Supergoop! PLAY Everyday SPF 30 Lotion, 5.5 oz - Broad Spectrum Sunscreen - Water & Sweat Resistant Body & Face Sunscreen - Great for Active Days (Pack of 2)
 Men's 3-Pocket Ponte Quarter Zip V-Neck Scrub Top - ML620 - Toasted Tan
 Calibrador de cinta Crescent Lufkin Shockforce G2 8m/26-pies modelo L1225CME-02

-- -- --

**Exercise prompt**
Return the listing word for word.

**Answer**
Supergoop! PLAY Everyday SPF 30 Lotion, 5.5 oz - Broad Spectrum Sunscreen - Water & Sweat Resistant Body & Face Sunscreen - Great for Active Days (Pack of 2)
 Men's 3-Pocket Ponte Quarter Zip V-Neck Scrub Top - ML620 - Toasted Tan
 Calibrador de cinta Crescent Lufkin Shockforce G2 8m/26-pies modelo L1225CME-02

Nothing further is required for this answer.